- **WHAT YOU WILL DO**:
Could you repeat the entries below exactly, but only from the line with "Okay guys, hope" through the line with "The next step", and without any picture?

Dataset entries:
────────

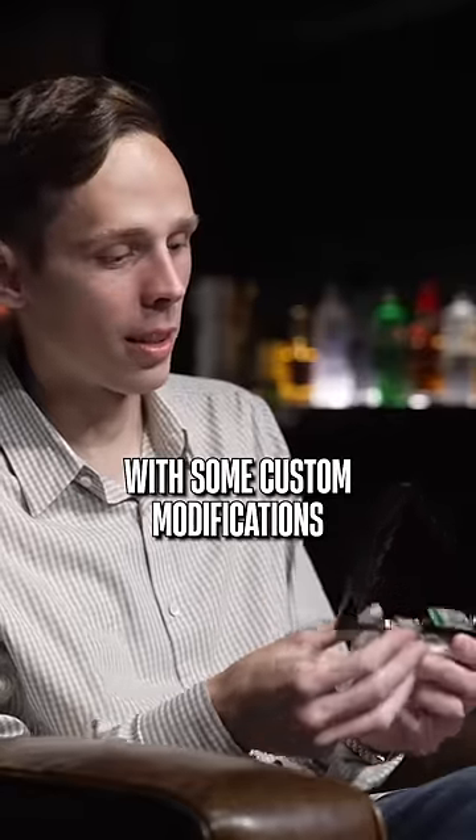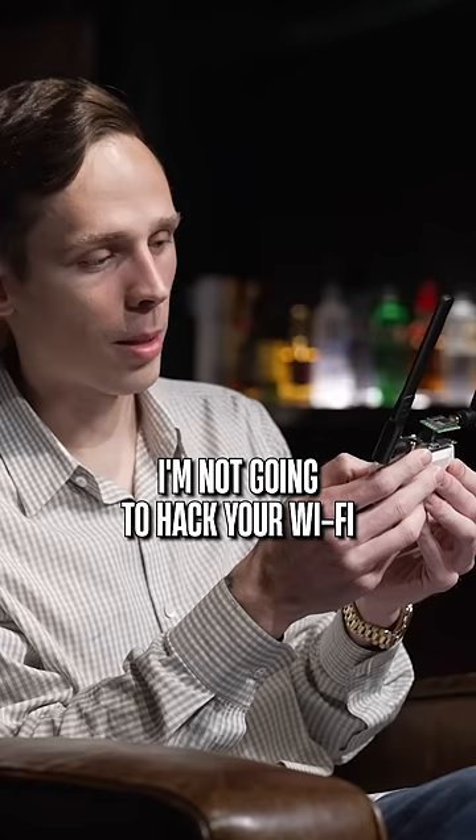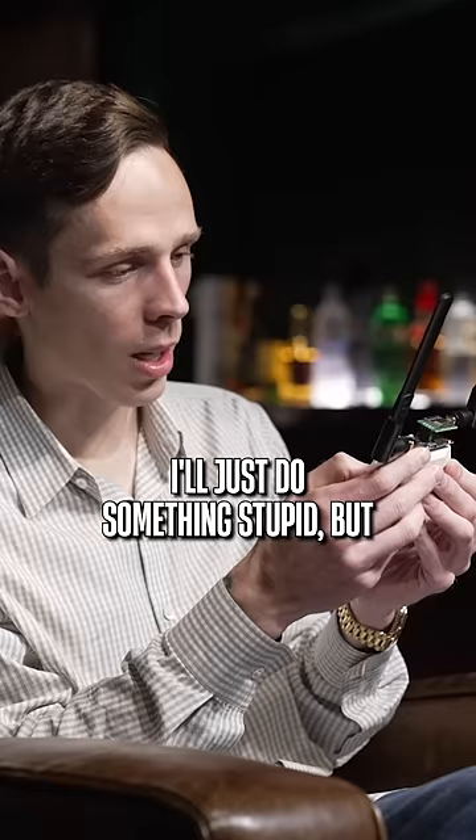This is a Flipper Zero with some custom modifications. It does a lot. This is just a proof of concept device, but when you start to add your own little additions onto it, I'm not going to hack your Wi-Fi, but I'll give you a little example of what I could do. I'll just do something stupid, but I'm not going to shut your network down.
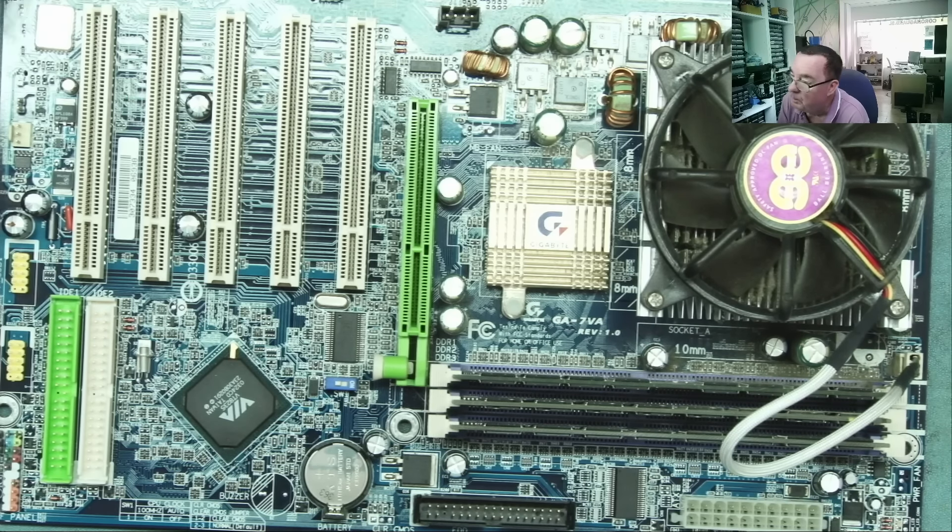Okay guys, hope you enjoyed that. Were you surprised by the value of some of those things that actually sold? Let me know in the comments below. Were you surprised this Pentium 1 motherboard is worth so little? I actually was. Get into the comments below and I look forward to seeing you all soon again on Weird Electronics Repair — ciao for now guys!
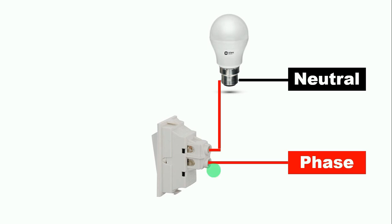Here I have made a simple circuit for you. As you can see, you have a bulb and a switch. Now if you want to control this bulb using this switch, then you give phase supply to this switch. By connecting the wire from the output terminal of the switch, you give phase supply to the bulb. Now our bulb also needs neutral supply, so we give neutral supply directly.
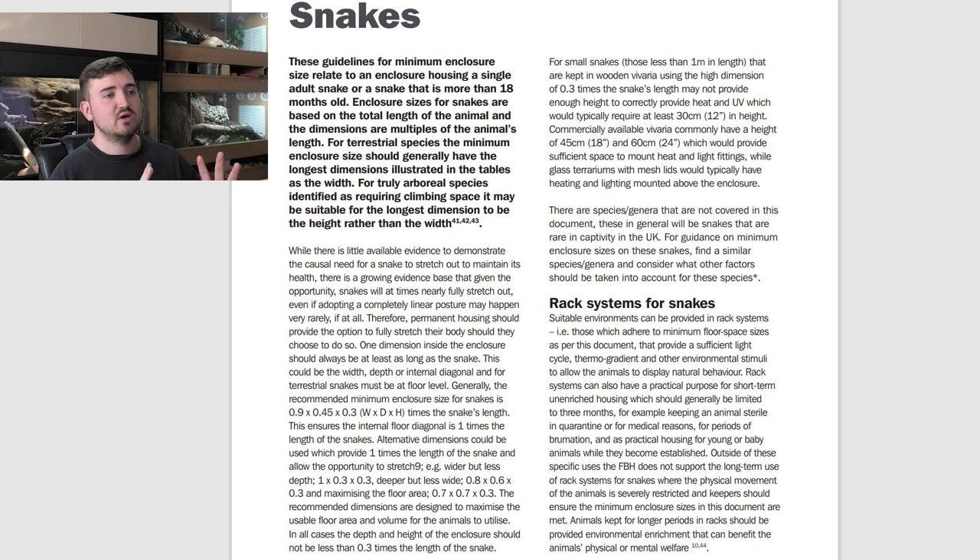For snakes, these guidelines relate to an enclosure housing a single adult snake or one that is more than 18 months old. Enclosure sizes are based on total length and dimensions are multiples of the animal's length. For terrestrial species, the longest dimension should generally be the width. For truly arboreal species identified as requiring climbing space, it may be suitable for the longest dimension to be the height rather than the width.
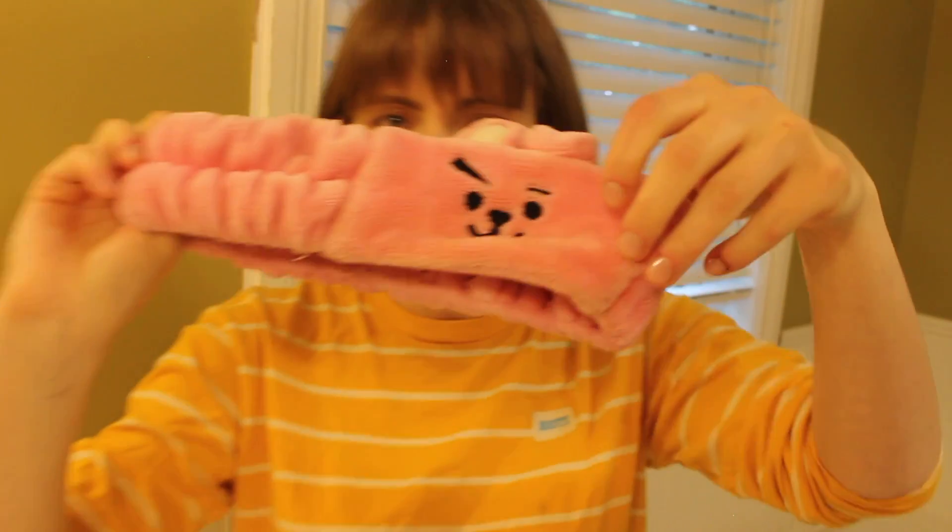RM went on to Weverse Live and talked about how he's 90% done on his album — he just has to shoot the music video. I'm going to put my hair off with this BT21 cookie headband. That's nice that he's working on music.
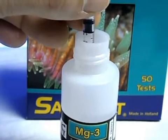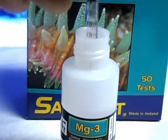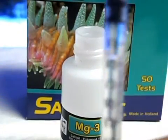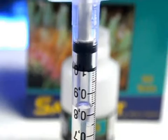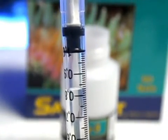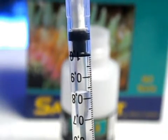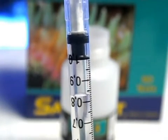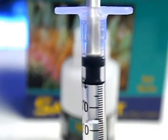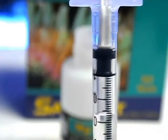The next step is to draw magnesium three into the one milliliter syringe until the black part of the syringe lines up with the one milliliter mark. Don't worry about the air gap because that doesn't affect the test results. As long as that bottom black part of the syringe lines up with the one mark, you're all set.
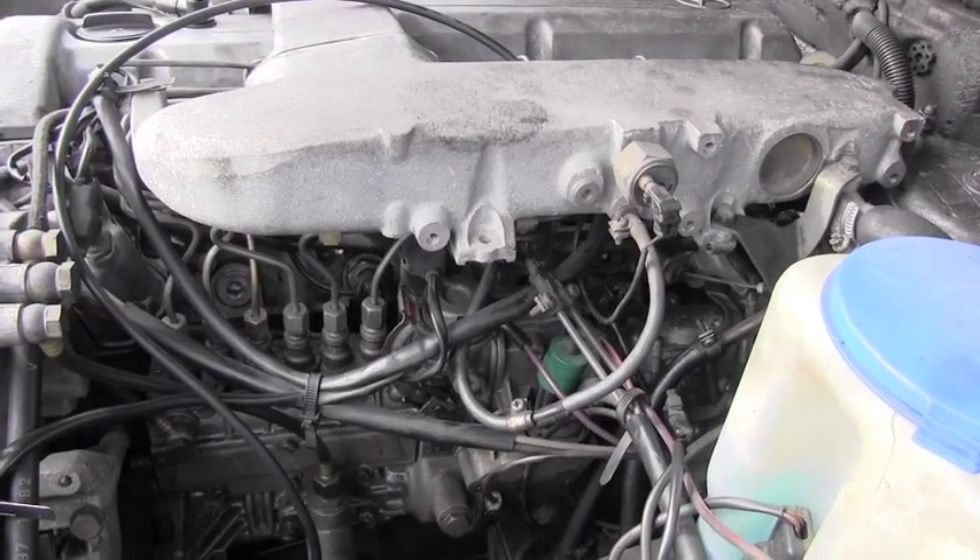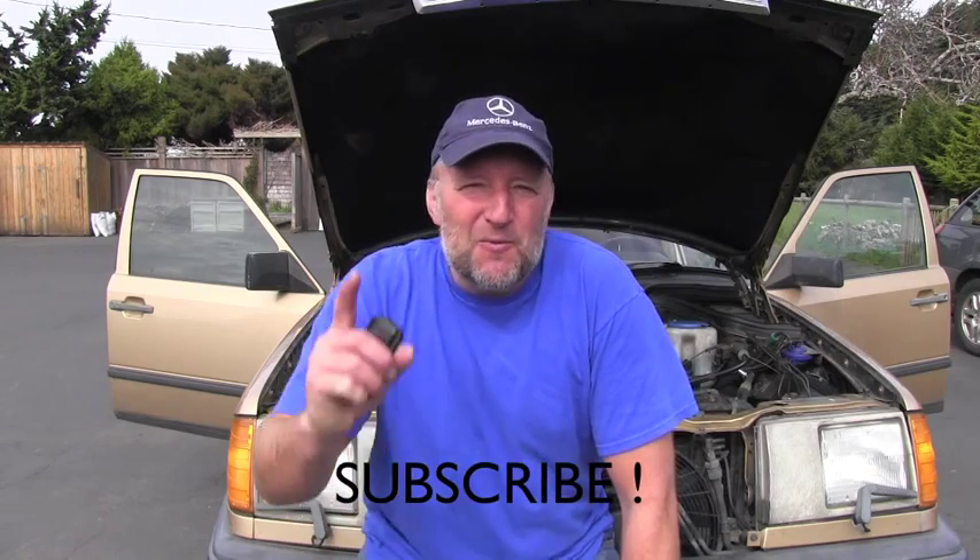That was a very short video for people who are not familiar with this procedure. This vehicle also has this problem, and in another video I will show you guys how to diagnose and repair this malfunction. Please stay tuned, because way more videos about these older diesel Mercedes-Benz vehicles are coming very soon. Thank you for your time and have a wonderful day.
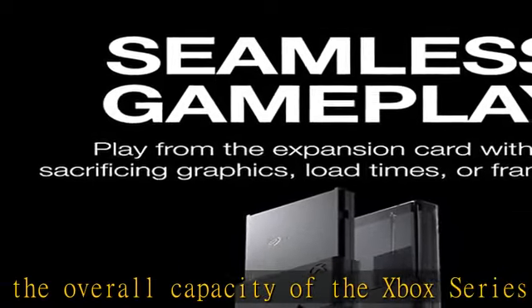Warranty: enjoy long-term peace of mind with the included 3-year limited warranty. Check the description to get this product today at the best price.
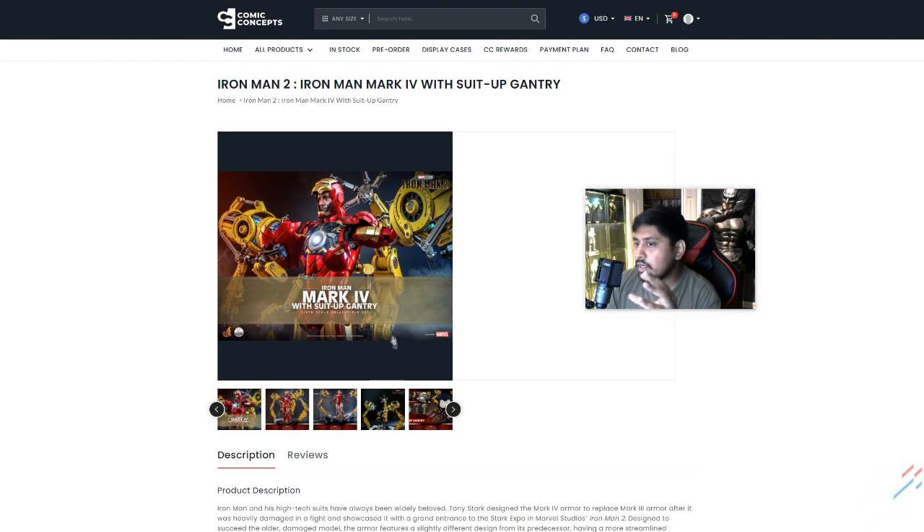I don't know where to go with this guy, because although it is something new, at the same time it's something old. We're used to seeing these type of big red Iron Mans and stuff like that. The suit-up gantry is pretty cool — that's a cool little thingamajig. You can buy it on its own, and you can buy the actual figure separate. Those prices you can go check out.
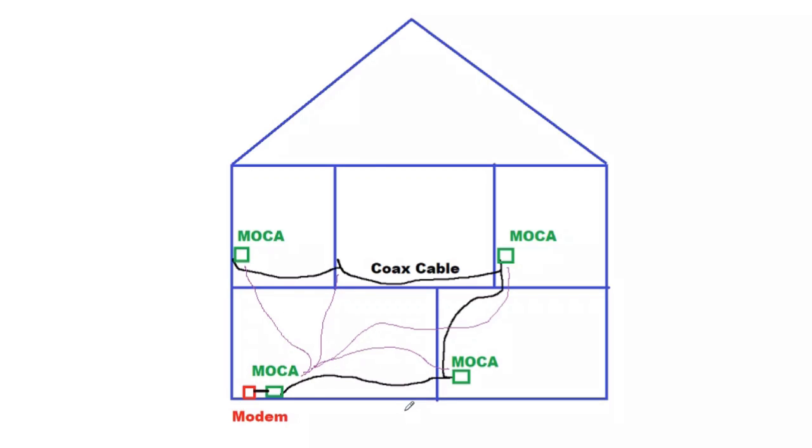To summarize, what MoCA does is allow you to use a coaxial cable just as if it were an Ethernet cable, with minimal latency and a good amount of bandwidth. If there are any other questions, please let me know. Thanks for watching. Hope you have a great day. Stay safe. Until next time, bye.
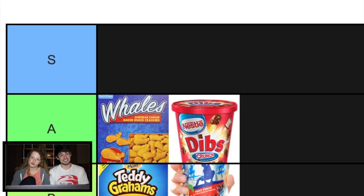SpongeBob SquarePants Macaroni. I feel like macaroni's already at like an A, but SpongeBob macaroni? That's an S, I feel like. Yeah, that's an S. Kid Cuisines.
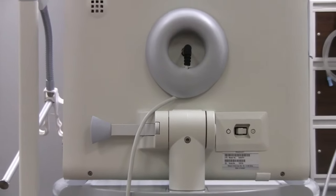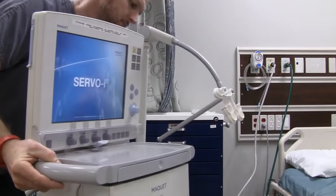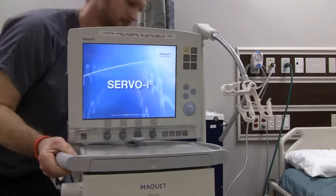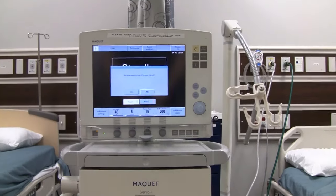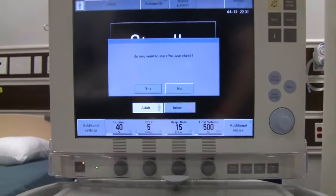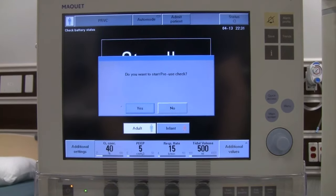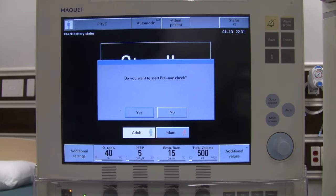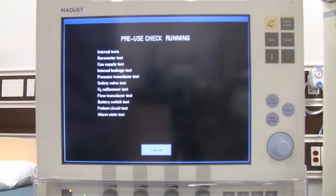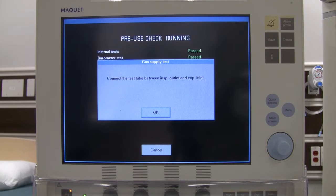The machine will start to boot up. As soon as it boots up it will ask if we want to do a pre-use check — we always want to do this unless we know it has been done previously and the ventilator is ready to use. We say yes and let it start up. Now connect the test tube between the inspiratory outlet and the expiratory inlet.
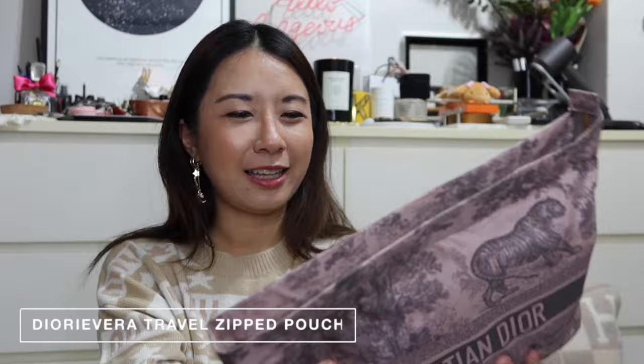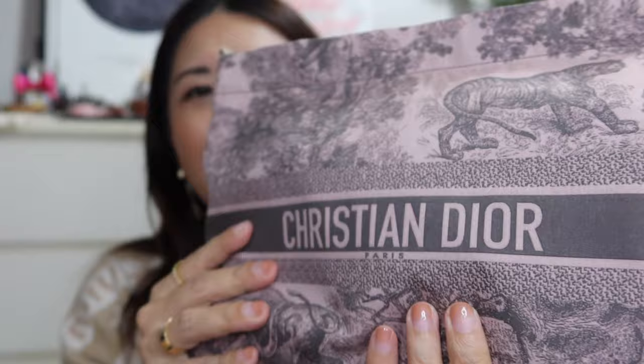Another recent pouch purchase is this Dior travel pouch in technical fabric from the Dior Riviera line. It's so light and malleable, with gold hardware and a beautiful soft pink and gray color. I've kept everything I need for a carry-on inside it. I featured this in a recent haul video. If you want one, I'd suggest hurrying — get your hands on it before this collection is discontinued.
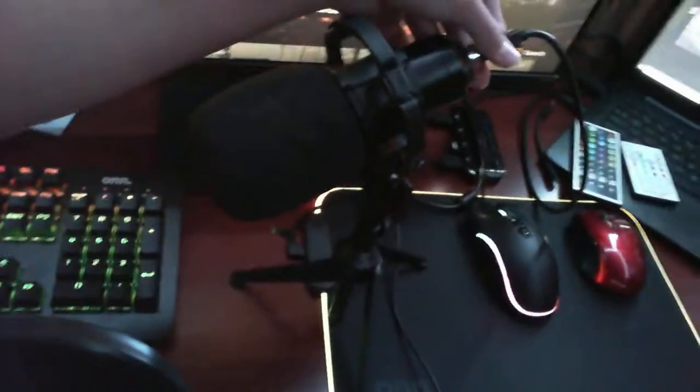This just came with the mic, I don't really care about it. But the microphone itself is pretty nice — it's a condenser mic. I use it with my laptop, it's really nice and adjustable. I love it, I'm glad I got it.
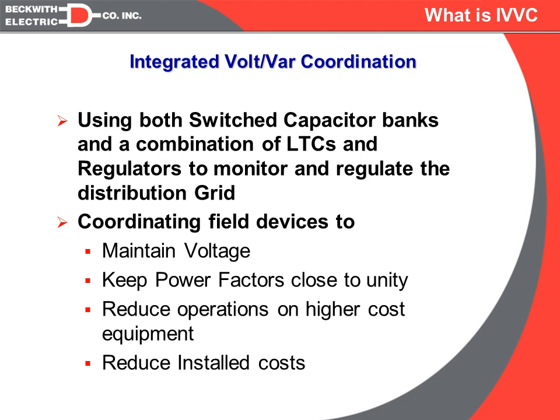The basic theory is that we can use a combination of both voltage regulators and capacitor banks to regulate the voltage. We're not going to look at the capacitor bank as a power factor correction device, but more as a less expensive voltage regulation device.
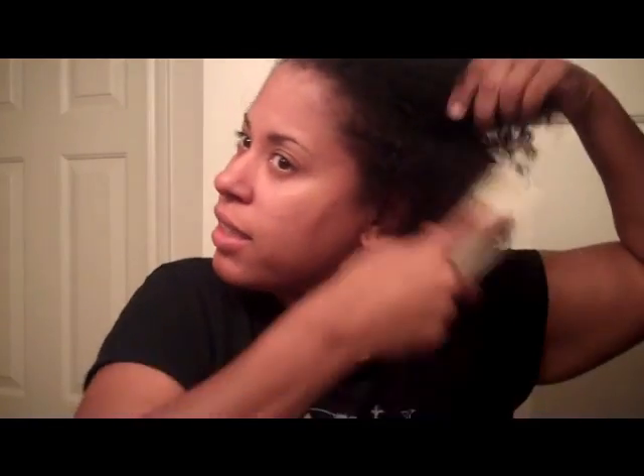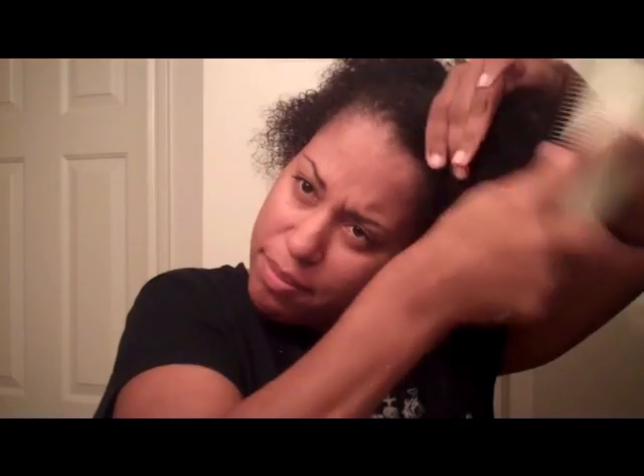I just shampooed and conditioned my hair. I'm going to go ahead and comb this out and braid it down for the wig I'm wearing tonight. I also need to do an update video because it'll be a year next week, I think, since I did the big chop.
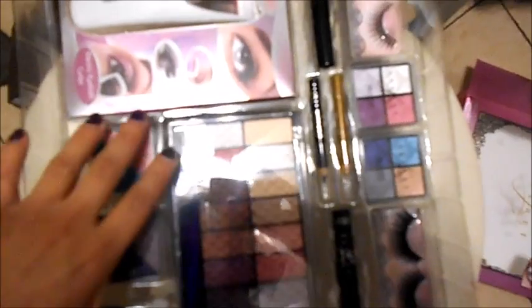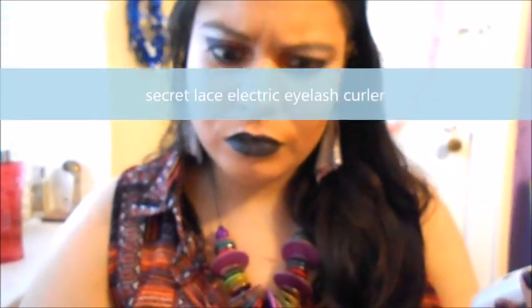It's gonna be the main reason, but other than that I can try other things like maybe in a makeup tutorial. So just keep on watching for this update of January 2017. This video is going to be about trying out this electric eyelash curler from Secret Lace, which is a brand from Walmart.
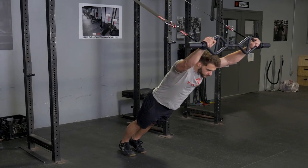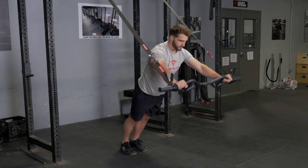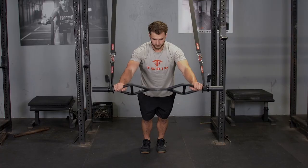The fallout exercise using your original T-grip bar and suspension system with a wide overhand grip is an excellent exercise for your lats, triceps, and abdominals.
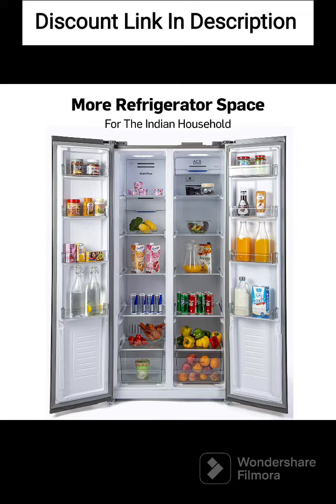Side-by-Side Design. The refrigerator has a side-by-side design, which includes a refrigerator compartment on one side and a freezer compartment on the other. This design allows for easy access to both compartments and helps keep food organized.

────────

- **RESPONSE BELOW**:
Okay guys, hope you enjoyed that. Were you surprised by the value of some of those things that actually sold? Let me know in the comments below. Were you surprised this Pentium 1 motherboard is worth so little? I actually was. Get into the comments below and I look forward to seeing you all soon again on Weird Electronics Repair — ciao for now guys!
Here I have made a simple circuit for you. As you can see, you have a bulb and a switch. Now if you want to control this bulb using this switch, then you give phase supply to this switch. By connecting the wire from the output terminal of the switch, you give phase supply to the bulb. Now our bulb also needs neutral supply, so we give neutral supply directly.
For snakes, these guidelines relate to an enclosure housing a single adult snake or one that is more than 18 months old. Enclosure sizes are based on total length and dimensions are multiples of the animal's length. For terrestrial species, the longest dimension should generally be the width. For truly arboreal species identified as requiring climbing space, it may be suitable for the longest dimension to be the height rather than the width.
RM went on to Weverse Live and talked about how he's 90% done on his album — he just has to shoot the music video. I'm going to put my hair off with this BT21 cookie headband. That's nice that he's working on music.
The next step is to draw magnesium three into the one milliliter syringe until the black part of the syringe lines up with the one milliliter mark. Don't worry about the air gap because that doesn't affect the test results. As long as that bottom black part of the syringe lines up with the one mark, you're all set.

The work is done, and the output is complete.